REQUIREMENT:
Under this line are the records; write out word for word the part that begins at the line containing "eKスペース G 純正SDナビ" and ends at the line containing "14 Raag Bhimpalas", and no more.

ENTRIES PROVIDED:
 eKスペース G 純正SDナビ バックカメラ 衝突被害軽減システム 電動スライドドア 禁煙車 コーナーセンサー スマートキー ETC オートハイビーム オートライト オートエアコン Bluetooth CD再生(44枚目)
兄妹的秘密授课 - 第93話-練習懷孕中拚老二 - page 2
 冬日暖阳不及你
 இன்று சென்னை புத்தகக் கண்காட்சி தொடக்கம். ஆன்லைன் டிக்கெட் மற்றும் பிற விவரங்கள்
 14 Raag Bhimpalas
...
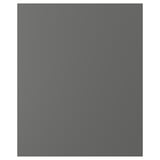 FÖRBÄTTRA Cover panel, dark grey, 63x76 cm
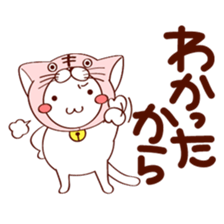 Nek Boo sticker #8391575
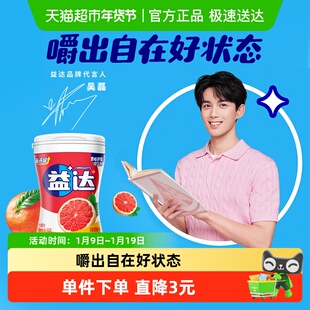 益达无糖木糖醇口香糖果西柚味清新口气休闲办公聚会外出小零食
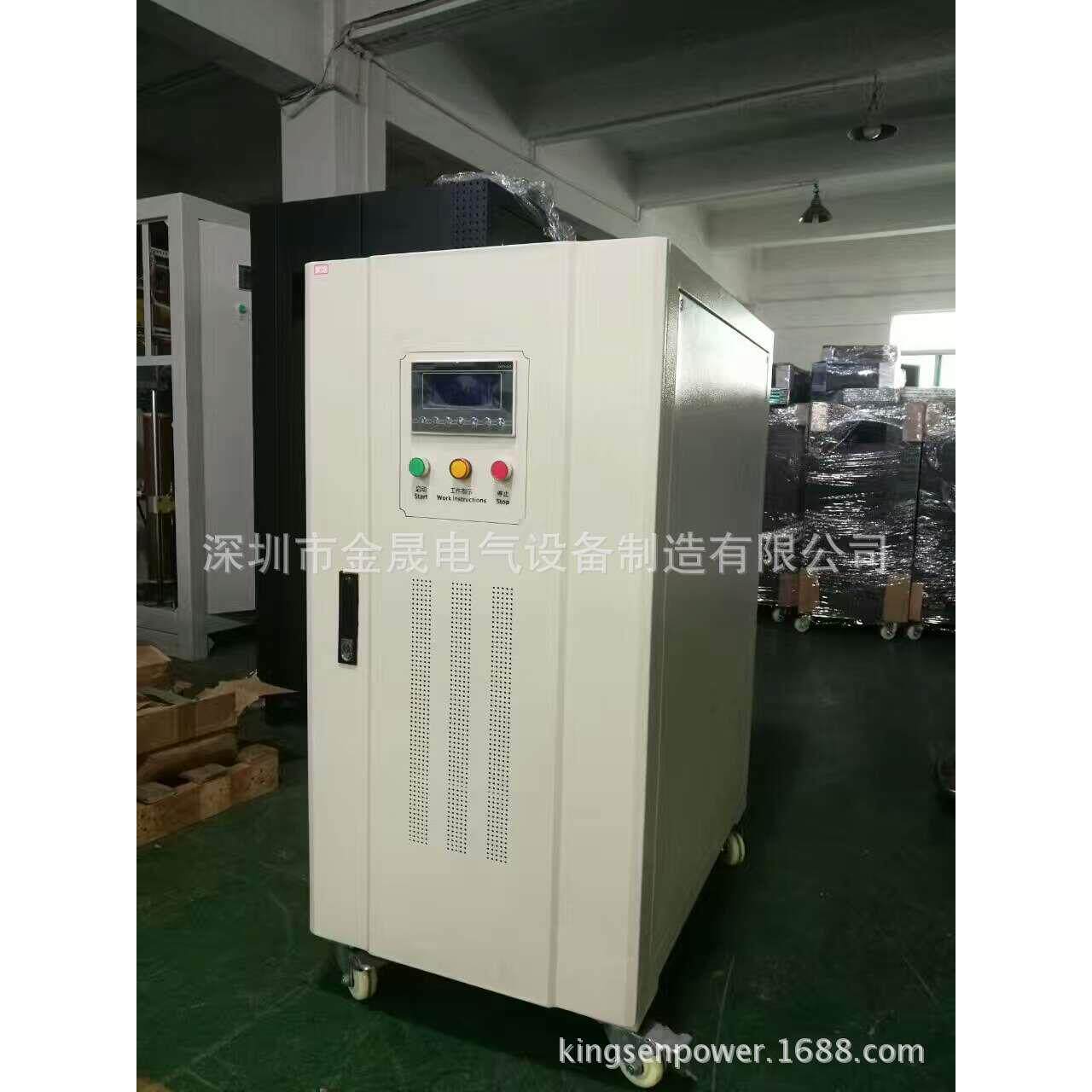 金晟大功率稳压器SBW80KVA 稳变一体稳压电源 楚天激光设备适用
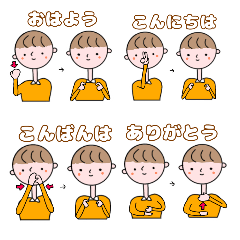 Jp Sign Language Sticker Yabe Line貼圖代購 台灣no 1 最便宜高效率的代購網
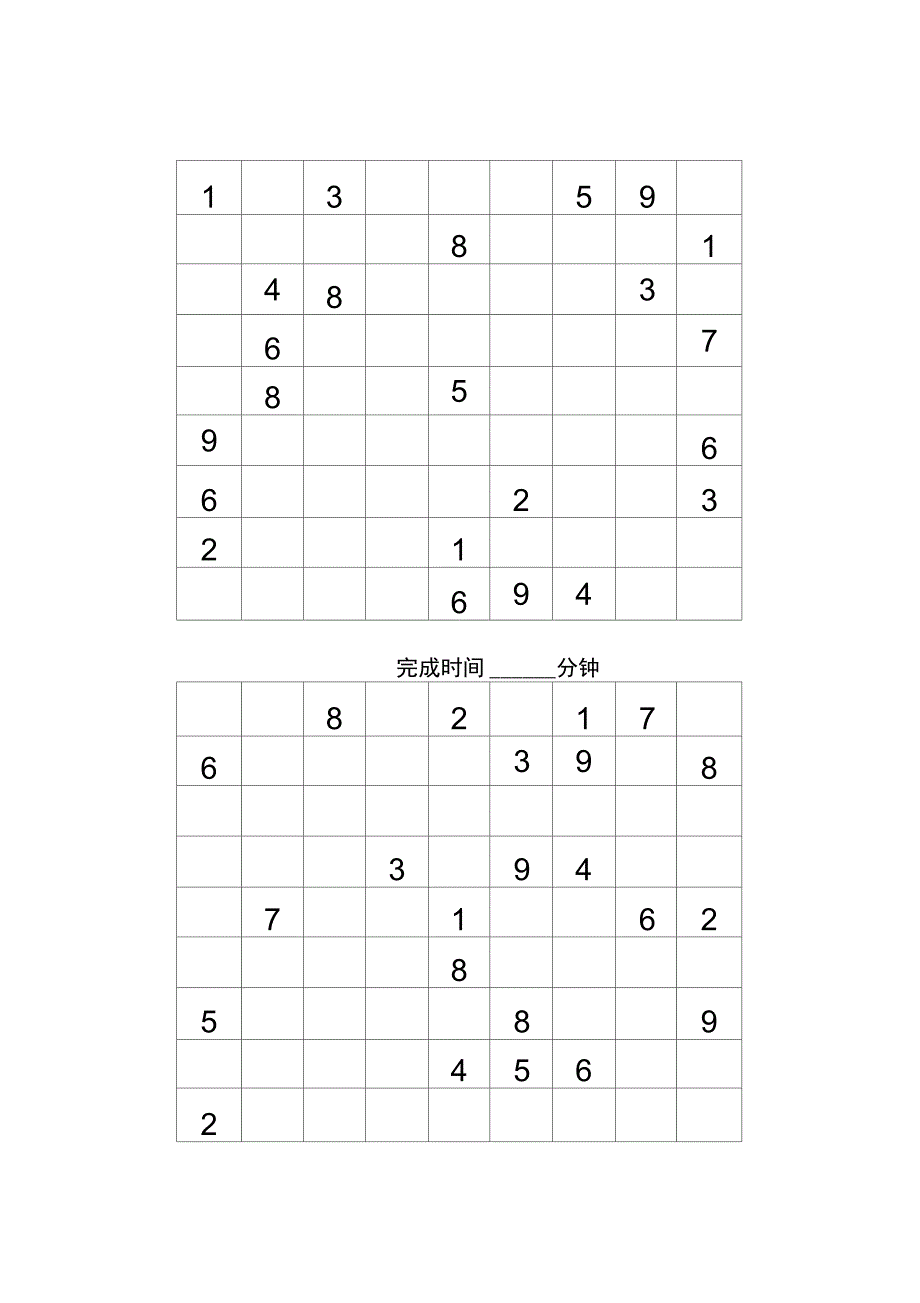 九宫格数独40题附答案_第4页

ANSWER TO THIS PROBLEM:
 eKスペース G 純正SDナビ バックカメラ 衝突被害軽減システム 電動スライドドア 禁煙車 コーナーセンサー スマートキー ETC オートハイビーム オートライト オートエアコン Bluetooth CD再生(44枚目)
兄妹的秘密授课 - 第93話-練習懷孕中拚老二 - page 2
 冬日暖阳不及你
 இன்று சென்னை புத்தகக் கண்காட்சி தொடக்கம். ஆன்லைன் டிக்கெட் மற்றும் பிற விவரங்கள்
 14 Raag Bhimpalas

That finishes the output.